Making Mistakes with XML, Page 2
4. Designing a Language that Resists Change
So, you've decided to design your own XML langauge instead of re-using one. You've made a data model, picked names of elements and attributes, determined the minimal set of the vocabulary you need to solve your problem, even managed the entire process. It's hard work, but you've done it, released it, and people love it.
Now they want version 2.
One approach is to include attributes such as version and compatible-with in your elements. The values of these attributes can indicate what version of your language an element comes from, and what versions an element is compatible with. This affords applications an opportunity to take some more intelligent action based on what they receive and what they generate. Another approach is to leverage the "must-ignore/must-understand" design pattern (although it suffers some shortcomings).
3. Storing Images in XML
Compression in file formats such as PNG and JPG can work wonders on images, turning millions of bytes into mere thousands. And yet, those same compact bytes are often converted into the printable base-64 format, expanding the size by 33%, just to put them into an XML document. And, with so much XML still being hand-edited, the sheer girth of a base-64 encoded image is enough to crash even the most hardy of text editors. (DOM parsers have been rumored to explode while ingesting base-64 encoded video clips.)
XML documents are great at containing characters, but lousy at containing binary data like images, audio, video, and other media. People often try to shoehorn such media into XML with base-64 encoding to avoid metadata in the XML from being separated from the data (the media) it's describing.

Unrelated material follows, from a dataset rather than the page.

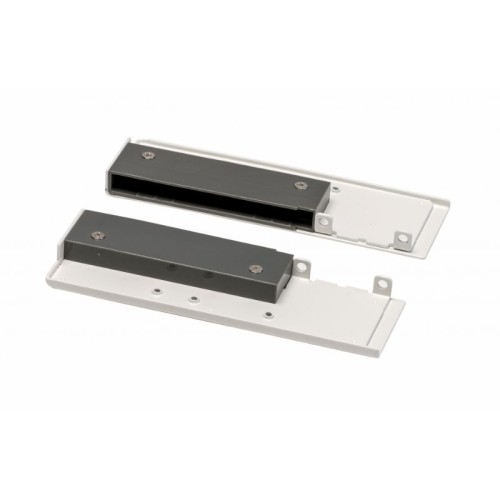 J.CONECTOR INTERIOR FRONTAL H116 PB-AXISPRO-WEWMOCB1 BLANCO GTV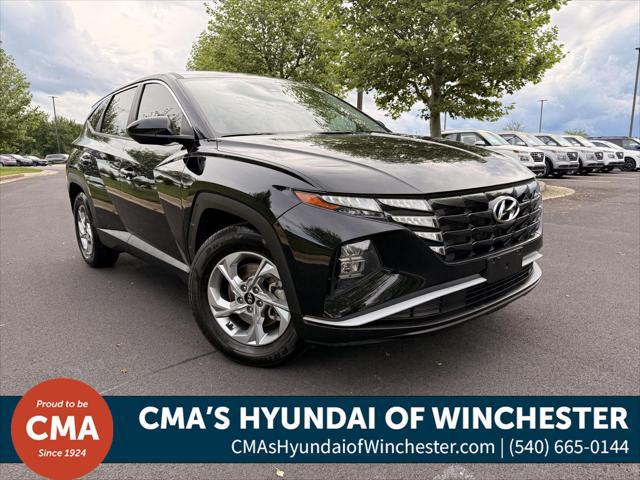 2022 Hyundai Tucson SE for sale in WINCHESTER, VA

Technologies exist, though, that obviate such needs. XLink can describe various kinds of links to other media. MIME messages can contain multiple parts: One part may be the XML document, the other parts the media; SOAP with Attachments uses just such a technique. (Unparsed entities don't count because they require the doctype declaration; refer to point #8)
2. Storing XML in XML
XML is nice in that it combines metadata with data. Element and attribute names identify the meanings of their contained values: <measurement units='celsius'>23.3</measurement> is clearly a measurement of 23.3 degrees celsius. But, when the value to be stored in XML is itself XML, things get tricky. You see this most often in RSS feeds, where XHTML markup goes into the site summary in escaped form, such as:
<title>Whither XML?</title> <link>http://bitterness.cx/blog/938182/</link> <description>In today's <em>rant</em>, guest blogger <strong>Ken Doe</strong> gets down and dirty with everyone's favorite whipping-tech: <code>XML</code>. </description>
Sometimes the XHTML is enclosed in a CDATA section instead of being escaped; the end result is the same. Why is this bad? For one thing, there's nothing more than mere convention (in this RSS example) that says that the content of an element such as description is in fact markup to be unescaped and rendered. And, in general, it hides the contained XML that tools could otherwise manipulate and make use of. In addition, blindly escaping such content or enclosing it in a CDATA section does not address text encoding issues: The escaped content might be in ISO-8859-4, whereas the XML document is in MacRoman.
Norman Walsh makes several recommendations on how to avoid these problems, including sticking to plain text, using XML markup directly, or even using base-64 encoding. I'll let you decide what approach makes the most sense.
1. Using XML
American psychologist Abraham Maslow observed, "He that is good with a hammer tends to think everything is a nail." If XML is in your toolbox, does every problem start to look like markup? XML is not a silver bullet, nor a panacea for all the problems of application development, Web site deployment, data interchange, procedure call representation, and so forth.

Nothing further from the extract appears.